More importantly, how are you going to get customers to pay for and watch the videos you offer? Or how are you going to get them to buy and read your books and newsletters? Or how are you going to stop them from quitting your subscription when they’ve already got more than they can possibly consume, with more getting added for free all the time?
A marketing piece for a well-meaning membership program recently. Trying to promote the benefits of his program, he included a photo of water shooting from a fire hose with a caption saying that you’d be so deluged with his information that it would feel like drinking from a fire hose. Your customer is already deluged without you. A lack of information is not the problem.
The opportunity is to motivate, distill, and prioritize information.
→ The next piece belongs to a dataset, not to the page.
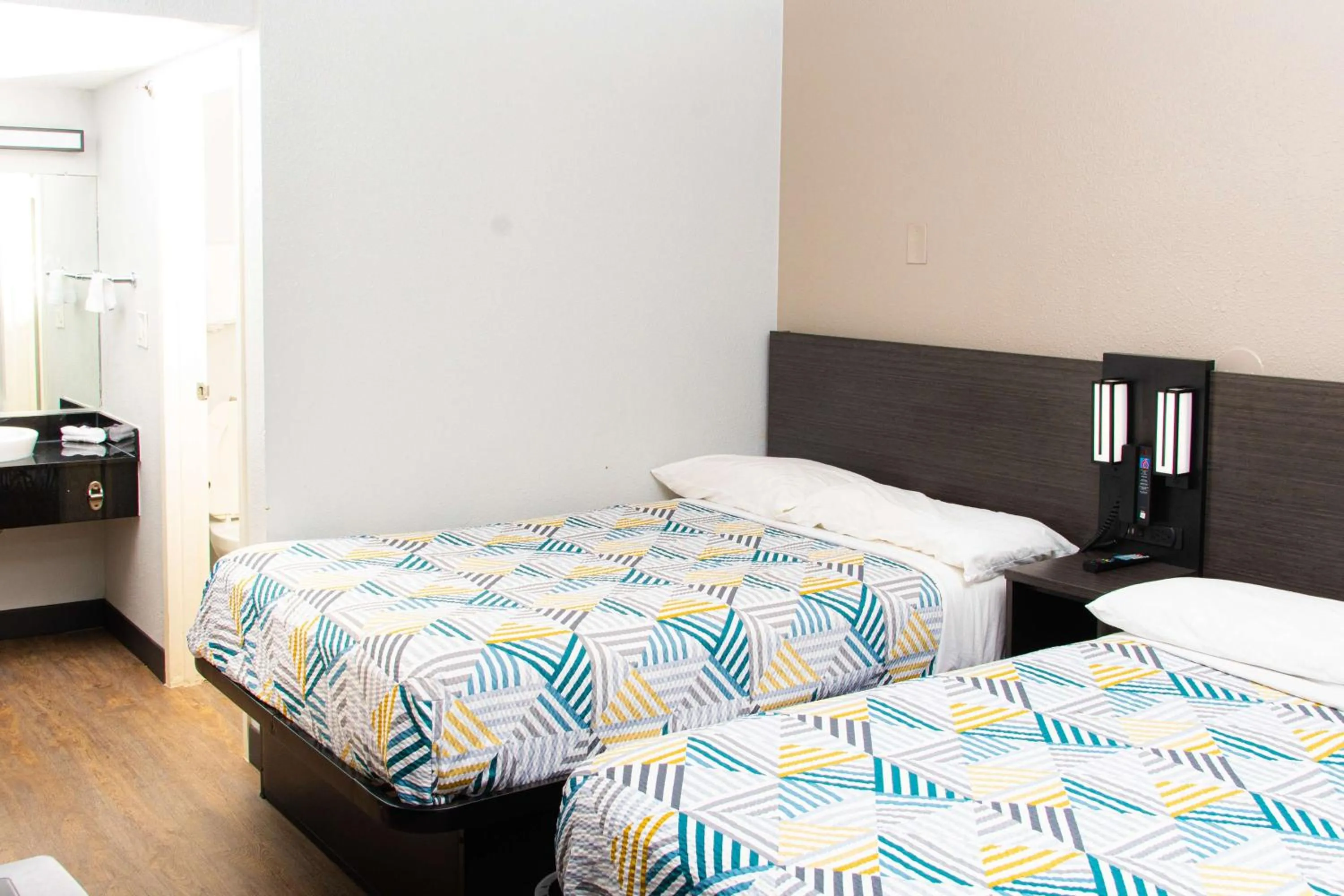 Quadruple Room in Motel 6-Lantana West Palm Beach, FL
Back when we sent direct mail, we had to compete for attention in the mailbox. As a copywriter, I imagined my prospect sorting his mail over the trash can. If I bored him for a split second, the sales letter I spent weeks writing and thousands of dollars delivering to my prospects would be dropped into the trash can, gone forever.
But using email is even harder. Your member sorts email with her finger on the delete key. Your message is one of a long list of messages competing for attention. When she looks at her phone, she’s got notifications from iMessage, email, Facebook, CNN, and dozens of other apps. Then when she opens the email app, there are dozens of messages competing for attention. How do you get her to open, read, and click on yours?
I had three consulting days this month with three different financial publishers, each generating more than $50 million in revenue annually. Each of them dealing with high refund rates— some as high as 60 percent. Imagine the exhilaration of selling $1.5 million dollars of a product over the course of a product launch. Then, imagine the frustration of having to refund $900,000.00! Sure, they kept $600,000.00 in revenue, but still. There were a whole lot of customers who liked the idea of the sales letter but were turned off by the delivery of the product.
This is no different than the several membership and subscription programs I’ve worked with over the last few months, which have 60 percent or more of their new members cancel within the first four months of membership. Same problem, same frustration, and the same solution. Want to learn the solution for these high churn problems?
I’m about to reveal the magic secret of membership — the single most important factor in retaining and keeping your subscribers and members. It’s so important, I’ve dedicated an entire issue of The Skrob Report to explain each concept in detail and provide examples.
You put a lot of time and work into the sales system to generate a new customer. Now that you have this member, your product and monthly deliverables are a monthly sales letter to help stop your member from quitting your program.
How can you solve your members’ problem of information overwhelm? How can you get your member to pay attention to your monthly materials rather than watch endless videos on YouTube? How do you get your customers to read your mail and open your email messages?
There’s no value in information; the value is in delivering motivation, distillation, and prioritization. Deliver these and they will buy, stay, and renew.